Também no que respeita ao segundo de tais fundamentos e à sua peculiar versão de interrogatório que o situaria na fase final da investigação com todas as consequências que teria no que se reporta à possibilidade de aplicação de medidas cautelares que o processo penal admite e tal interpretação dificultaria em grande medida, se dirá que o recorrente carece de razão. É que o mesmo, neste processo, teve conhecimento dos factos que lhe são imputados quando lhe foi aplicada a medida de coacção, como se vê dos recursos que interpôs da decisão que lha aplicou e que a numeração do processo e o Ac. do STJ de 14/5/2014 dão conta, não podendo assim afirmar-se a postergação, no interrogatório, do constante dos art.°s 61° e 272° do CPP, que é o que, afinal, o recorrente insiste em afirmar. Pois o mesmo teve conhecimento que contra si pendia este processo e quais os factos que lhe eram imputados, podendo defender-se, desde então, dos mesmos que é o que estes preceitos (o primeiro no n.° 1 c)) essencialmente visam. A interpretação do recorrente já, aliás, foi escrutinada pelo TC no Ac. 72/20 12, no qual, após se afirmar “desde logo, não é constitucionalmente imposto que o arguido seja ouvido sempre que um novo facto ou elemento probatório seja incorporado no inquérito ou que tenha de existir um interrogatório no encerramento do inquérito que, a título de “audiência pré-fina!” (cf Paulo Pinto de Albuquerque, Comentário ao Código de Processo Penal, 4ª edição, Lisboa, 2007, p. 733), dê previamente a conhecer ao arguido todo o conteúdo fáctico da acusação, se concluiu no sentido de que não constitui nulidade o não confronto do arguido, em interrogatório, com todos os factos concretos que venham a ser inseridos na acusação contra ele deduzida.
Pelo que sou de parecer que o recurso não merece provimento.

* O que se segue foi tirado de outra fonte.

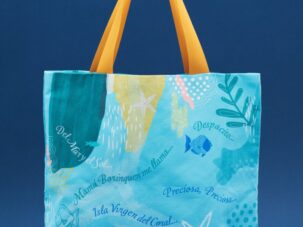 Tote Bag front view with design of the Caribbean Sea Puerto Rico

4. O arguido recorrente veio responder ao parecer do Exmº Sr. PGA através do seu requerimento de fls. 73 a 81, reafirmando e acrescentando mais alguns argumentos à sua posição, terminando como o fizera nas conclusões de recurso.

III

Questões a apreciar[1]:

A nulidade da acusação:

1. Por ter sido notificada ao arguido para além do prazo legal.

2. Por o Ministério Público não ter procedido a interrogatório do arguido finda a investigação e antes de proferida aquela.        

IV

1. O despacho recorrido tem o seguinte teor:
            “A.2) Da nulidade da acusação
            Através de requerimento de fls. 1676 a 1680, vem o arguido, além do mais, referir que a acusação não lhe foi notificada nos termos do artigo 103.°, n.º 10 do Código de Processo Penal, em tempo útil, o que determina que a mesma não possa ser tomada em conta, para os efeitos previstos na lei.
            Em primeiro lugar, o número a que o arguido faz referência não existe.
            Em segundo lugar, embora o arguido não mencione a que “efeitos previstos na lei” se refere, desde já salientamos que se se está a referir ao facto de, a seu ver, ter sido excedido o prazo de duração máxima da medida de coacção obrigação de permanência na habitação, já deixámos claro, através de despacho de fls. 1656 a 1569, o nosso entendimento, no sentido de que o que releva para esse efeito é a data da acusação, a qual foi deduzida no dia 26.05.2014, motivo pelo qual não foi excedido o prazo de duração máxima da medida de coacção.

Para além disso, nesse mesmo requerimento, vem o arguido arguir a nulidade da acusação, por violação do disposto no artigo 272.°, n.º 1 do Código de Processo Penal.

Dispõe o citado artigo que «Correndo inquérito contra pessoa determinada em relação à qual haja suspeita fundada da prática de crime é obrigatório interrogá-la como arguido, salvo se não for possível notificá-la».

Ora, o arguido foi interrogado nas seguintes datas:

i) 3 1.05.2013, pela PJ (fls. 89 a 92);

ii) 26.11.2013, pela PJ — tendo o arguido referido que não pretendia prestar declarações complementares sobre os factos em investigação nos presentes autos (fls. 483 a 485);

iii) 27.11.2013, pela Mma Juiz de Instrução, tendo o arguido referido que não pretendia prestar declarações (fls. 551 a 575).

Como tal, mal se compreende a arguida nulidade — de que o arguido não foi interrogado enquanto tal -, quando foi efectivamente interrogado por três vezes no âmbito do inquérito, duas das quais se remeteu ao seu direito — constitucionalmente garantido - ao silêncio.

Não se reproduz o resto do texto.